Sunday, March 18, 2007

YouTube ethnography project

I have followed with interest the videos that have appeared in YouTube in relation to Web2.0. The original one made by the Digital Ethnography group from Kansas State University gave a view on Web 2.0 in which learning technologists and other enthusiasts can recognise their current work.

Cory the Raven posted a counter video on YouTube that questions what this kind of medium has to offer in addition to traditional media such as text and film.

The video itself has a very interesting pace to it and I would say the number of comments, communications and discussions on YouTube at the moment, ranging from McLuhan to Welsh, show that the level of communication that has been made possible through the Internet has changed these two older media into something new. It has made that text and film have been transformed from one-to many media in broadcasting mode, into many-to-many media, where information and discussion encourage the creation of knowledge. This in my view makes a big difference. The information is discussed and reactions to the older media mean that new thoughts and ideas are created. The videos have already been viewed by more than a million people and hundreds of comments have been made.

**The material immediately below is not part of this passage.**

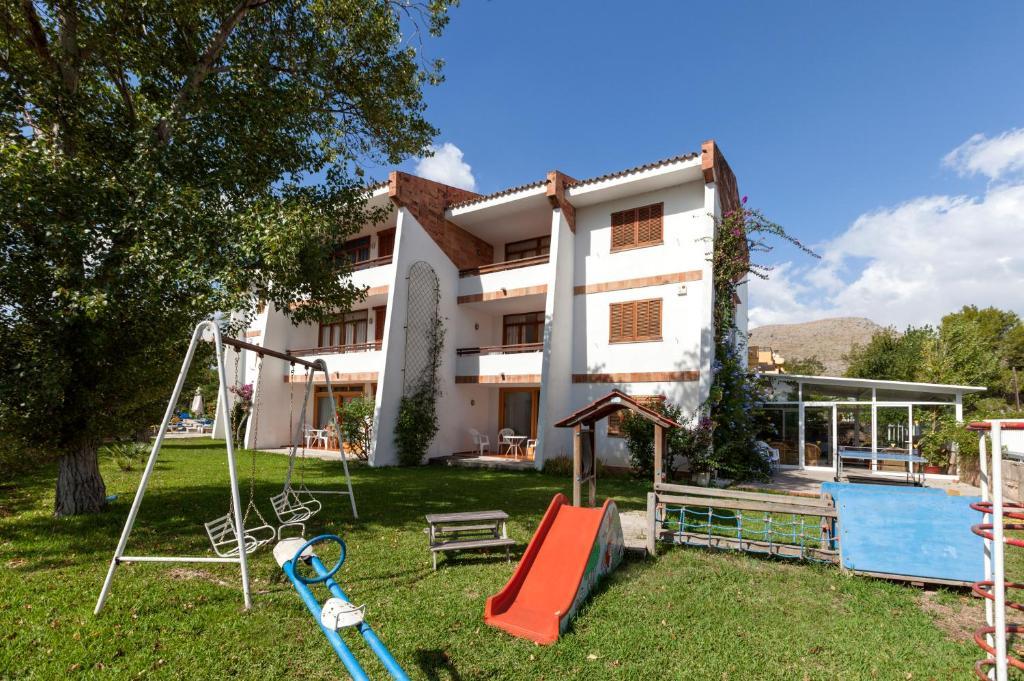 Apartamentos Leo Port de Pollença Quarto foto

I agree with Cory that it is becoming problematic that half the population is not taking part in the online discussions. It makes that the knowledge in networks is less reliable, as it might only paint a one-sided picture on a subject. As somebody who has worked hard over the past five years to engage people with technology it seems a waste that a vast number of people are excluded from valuable learning opportunities. It seems to me that the higher the rate of convergence of technologies, the faster the engagement of disengaged people will be: the easier and cheaper it will be to access technology on digital televison or mobile phone, the quicker people will be tempted to take part.

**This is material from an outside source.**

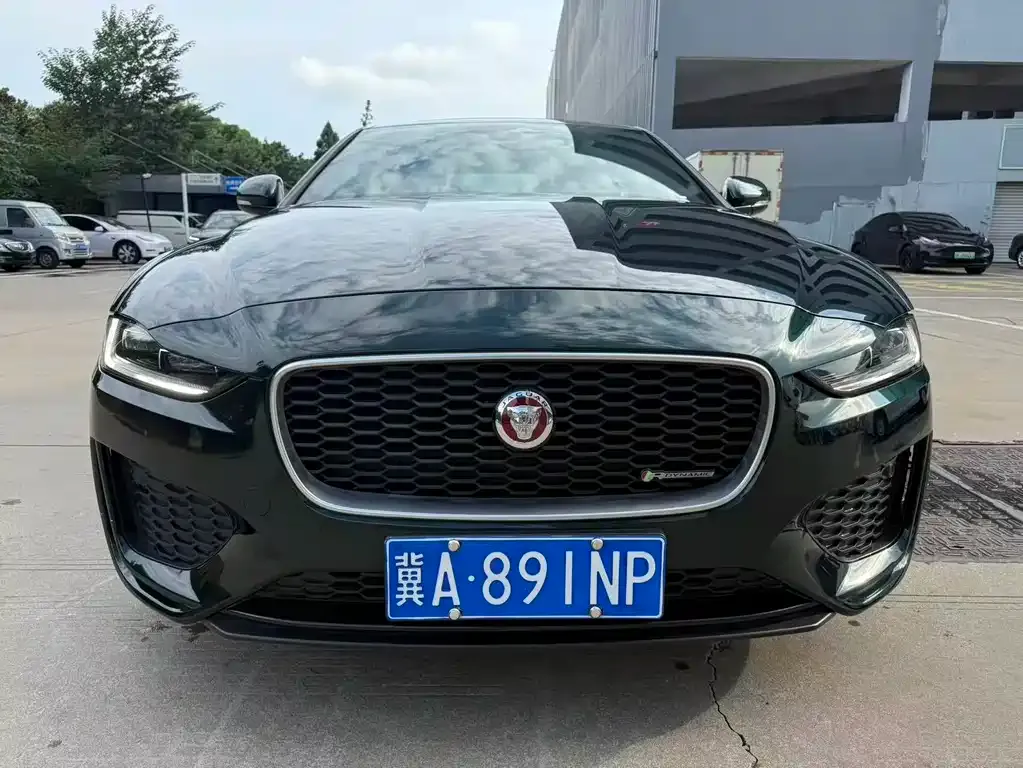 Jaguar XEL — фото 3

Cory seems overly concerned with the move from living in the real world to living in a virtual world. It reminds me of Lyotard's final book in which he was very concerned about the move humans are making towards the 'inhuman'. I would argue that most people who venture online are firmly grounded in the real world and that problems in the real world quite often make that people move online to find information and to discuss whatever makes them tick in reality.